-------- Data segment

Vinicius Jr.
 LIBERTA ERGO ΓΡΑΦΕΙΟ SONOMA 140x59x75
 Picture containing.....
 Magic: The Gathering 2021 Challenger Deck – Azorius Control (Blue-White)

----------------

From the first line to the last, return the data exactly as written.

__Solution for this task__:
Vinicius Jr.
 LIBERTA ERGO ΓΡΑΦΕΙΟ SONOMA 140x59x75
 Picture containing.....
 Magic: The Gathering 2021 Challenger Deck – Azorius Control (Blue-White)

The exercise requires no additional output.